The last Windows 11 update saw the File Explorer receive some padding of elements for easier touch experiences and the same goes for elements in the Start Menu as well as Snap Assist.
Native Screen Recording in Windows
Until recently, Windows users have had to rely on third party solutions to achieve a decent screen recording within the operating system. The Xbox team baked in screen recording for gaming a couple of years back which presented an opportunity for Windows users to use the Xbox to create a makeshift screen recording after a bit of finagling.
Fortunately, Microsoft is bringing a more streamlined way for Windows users to create their own screen records via the Snipping Tool. To launch the new Screen Record users simply need to search Snipping Tool, pin it to the taskbar or use the keyboard shortcut Windows key + Shift Key + S and launch it. Once opened, users will be greeted with a new video recorder icon next to the traditional image capture and then give a three second count down before a recording takes place.
Snipping Tool Screen recordings are automatically saved to a default folder that can be customized by users.
Notepad gains Tabs
Following the tabification of the Windows File Explorer, Microsoft is also bringing Tabs to the Notepad app that should help coders navigate pages of code a bit easier.
The UI is straightforward and like how tabs have been implemented in Windows File Explorer with a simple + aligned at the top of the boarder that adds additional tabs to the Notepad app.
Braille comes to Windows 11
Microsoft will be increasing its accessibility features list with the addition of braille displays for Narrator that include support for three new Designed for Surface displays via HumanWare.
With the added support, vision impaired Windows users can switch between braille experiences via the Narrator app automatically.
In addition, voice access functionality is coming out of preview and will be generally available for all Windows users and that brings support for activating and navigating native Windows 11 apps such as Word, File Explorer, the Microsoft Store, and more via voice controls.
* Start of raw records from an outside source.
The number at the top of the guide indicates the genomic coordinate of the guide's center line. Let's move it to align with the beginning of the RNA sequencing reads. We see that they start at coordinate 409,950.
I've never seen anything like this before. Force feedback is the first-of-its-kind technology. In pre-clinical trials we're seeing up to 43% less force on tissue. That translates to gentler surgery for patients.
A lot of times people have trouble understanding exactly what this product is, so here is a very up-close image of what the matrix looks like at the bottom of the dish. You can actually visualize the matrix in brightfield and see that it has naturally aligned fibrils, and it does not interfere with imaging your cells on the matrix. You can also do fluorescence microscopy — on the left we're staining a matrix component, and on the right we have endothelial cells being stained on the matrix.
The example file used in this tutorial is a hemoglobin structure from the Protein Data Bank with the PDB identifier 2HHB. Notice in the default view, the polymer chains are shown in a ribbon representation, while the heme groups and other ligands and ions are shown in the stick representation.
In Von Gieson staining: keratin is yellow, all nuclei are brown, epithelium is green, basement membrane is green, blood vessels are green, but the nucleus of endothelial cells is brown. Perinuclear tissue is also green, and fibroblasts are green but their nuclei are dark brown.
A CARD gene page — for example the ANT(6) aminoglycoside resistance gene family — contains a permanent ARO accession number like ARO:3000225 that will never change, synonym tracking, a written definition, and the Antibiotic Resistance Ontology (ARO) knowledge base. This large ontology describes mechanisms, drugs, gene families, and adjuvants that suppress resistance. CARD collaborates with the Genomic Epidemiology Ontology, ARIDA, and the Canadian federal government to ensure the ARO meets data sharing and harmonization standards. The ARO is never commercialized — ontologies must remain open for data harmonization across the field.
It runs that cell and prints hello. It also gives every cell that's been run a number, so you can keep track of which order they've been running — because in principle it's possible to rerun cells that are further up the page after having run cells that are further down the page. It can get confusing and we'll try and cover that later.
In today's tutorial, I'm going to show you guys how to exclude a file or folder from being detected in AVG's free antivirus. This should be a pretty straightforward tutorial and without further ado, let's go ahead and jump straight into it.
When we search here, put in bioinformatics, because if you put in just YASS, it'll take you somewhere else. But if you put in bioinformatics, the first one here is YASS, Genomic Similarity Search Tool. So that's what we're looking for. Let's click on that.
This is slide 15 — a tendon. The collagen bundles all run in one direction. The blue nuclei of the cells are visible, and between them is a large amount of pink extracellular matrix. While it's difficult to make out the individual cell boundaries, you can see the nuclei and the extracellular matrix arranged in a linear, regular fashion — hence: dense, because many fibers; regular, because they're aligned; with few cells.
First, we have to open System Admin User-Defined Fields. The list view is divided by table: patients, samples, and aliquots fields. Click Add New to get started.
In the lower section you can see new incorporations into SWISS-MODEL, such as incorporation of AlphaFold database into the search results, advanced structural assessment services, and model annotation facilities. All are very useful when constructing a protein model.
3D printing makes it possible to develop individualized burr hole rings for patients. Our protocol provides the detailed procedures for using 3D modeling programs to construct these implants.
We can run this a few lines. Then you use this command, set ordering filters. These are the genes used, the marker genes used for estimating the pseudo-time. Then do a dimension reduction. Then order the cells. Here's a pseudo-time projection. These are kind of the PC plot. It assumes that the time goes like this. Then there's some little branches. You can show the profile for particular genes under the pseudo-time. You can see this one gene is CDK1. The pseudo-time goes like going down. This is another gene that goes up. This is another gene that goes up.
New Windows 365 App for Cloud PCs
For Windows users that need to access their Cloud PC, Microsoft is updating its Windows 365 app and making it available via the Microsoft Store.
The new updated Windows 365 app can be launched straight from the desktop and directly into the Cloud PC with features that allow users to adjust settings, profiles, and work styles while seamlessly switching between local and Cloud PC saves.
Microsoft will be delivering all these new features via an update that is available starting today to eligible devices running Windows 11 versions 22H2 and above. For anyone not seeing the update, Microsoft plans to deliver the features via a Windows Update in March 2023 through its monthly security update release cycle.
Other features can be downloaded via their respective apps in the Microsoft Store such as Notepad, Snipping Tool, Windows 365, and others.